/SSNetServer

A client-worker proxy using ZMQ to server SSNet predictions on the Tufts Cluster

Primary LanguagePython

SSNet Server

A client-worker proxy using ZMQ to server SSNet predictions on the Tufts Cluster

The code is a copy of the paranoid pirate proxy from the ZeroMQ Guide

There are two goals:

  • Create a production network where many clients read data event-by-event, send to a collection of workers, receive net output, and write to disk
  • Create a training network where single client app asks workers for batch data

Classes

SSNetWorker/SSNetClient

These are base classes that are meant to handle the network portion of the code. They are to be inherited by child classes that handle either the reading/writing of data or the processing through a network.

Note that child client and workers are meant to be implemented together so that they understand their messages. We do not enforce a standard messaging protocol. This is meant to reflect the fact that different tasks usually differ in the details of the input/output data required. Though similar, I am not smart enough to define generic behavior.

SSNetBroker

This class is the proxy between clients and workers. It need not know anything about the data it is passing. It's only job is to balance the load and keep track of connected workers (through heartbeats).

SimpleLArCV1Client

This is a very basic client that reads larcv1 event images and sends it out to the SSNetBroker. It only handles Image2D objects for now. You can provide it a list of producer names via the product_dict argument of the constructor. It will prepare a numpy array for each image product given. The array shapes are

(batchsize, number of images in event container, height, width)

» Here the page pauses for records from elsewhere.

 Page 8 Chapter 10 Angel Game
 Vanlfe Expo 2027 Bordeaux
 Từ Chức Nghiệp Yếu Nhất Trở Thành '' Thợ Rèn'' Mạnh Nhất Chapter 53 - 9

The message sent to the worker is:

[frame 0] "producer name" (string)
[frame 1] 'Plane 65535 (rows,cols) = (0,0) ... Left Top (0,0) ... Right Bottom (0,0)' (the output of ImageMeta::dump())
[frame 2] numpy array for batch
[frame 3] "producer name" (string)
[frame 4] 'Plane 65535 (rows,cols) = (0,0) ... Left Top (0,0) ... Right Bottom (0,0)' (the output of ImageMeta::dump())
[frame 5] numpy array for batch
(and so on...)

The received message is expected in the same format

[frame 0] "returned array name" (string)
[frame 1] 'Plane 65535 (rows,cols) = (0,0) ... Left Top (0,0) ... Right Bottom (0,0)' (the output of ImageMeta::dump())
[frame 2] numpy array    
...

The arrays in the received messages will be saved to an output larcv file.

DummyLArCV1Worker

Used for debugging. Expects message from SimpleLArCV1Client and dumps numpy array shapes to standard out. Returns:

[frame 0] "dummy"
[frame 1] 'Plane 65535 (rows,cols) = (0,0) ... Left Top (0,0) ... Right Bottom (0,0)' (the output of ImageMeta::dump())
[frame 2] numpy array, filled with zeros, whose size is from the first received image

CaffeLArCV1Client/Worker

Worker processes all three planes using Caffe1.

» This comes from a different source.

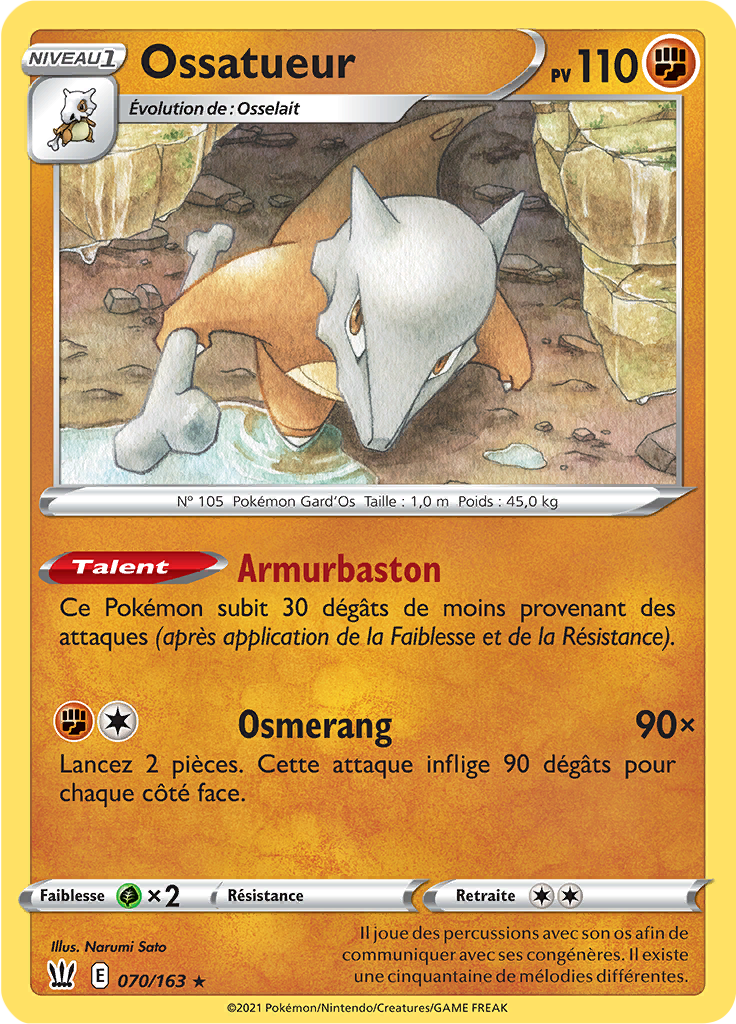 Ossatueur (070)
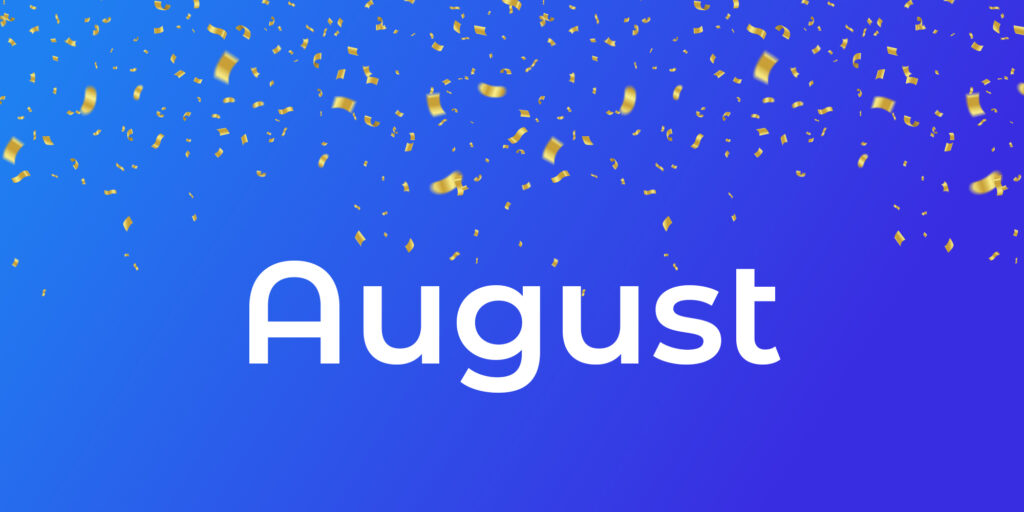 2025 Celebrating Our Library Partnerships - August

Uses the same message protocol as Simple/Dummy pair above.

Client sends the images for one plane for one event as one batch. To send all three planes, 3 sets of frames are shipped together.

The worker processes one frame at a time. It knows which plane's network to use from the meta. Because processing is frameset at a time, only one network is running, while the others are idle. This could be improved by modeling the broker as a majordomo server, which knows how to ship different flavor of requests to different flavor of workers.

Good enough for now, though.

On Meitner, 0.44 secs per event (read file+fill batch+roundtrip+write output)x3 planes. Several threads, but in total mem usage between 2.5 to 3 GB. (Will want to see mem usage in tests on separate nodes for worker and proxy.)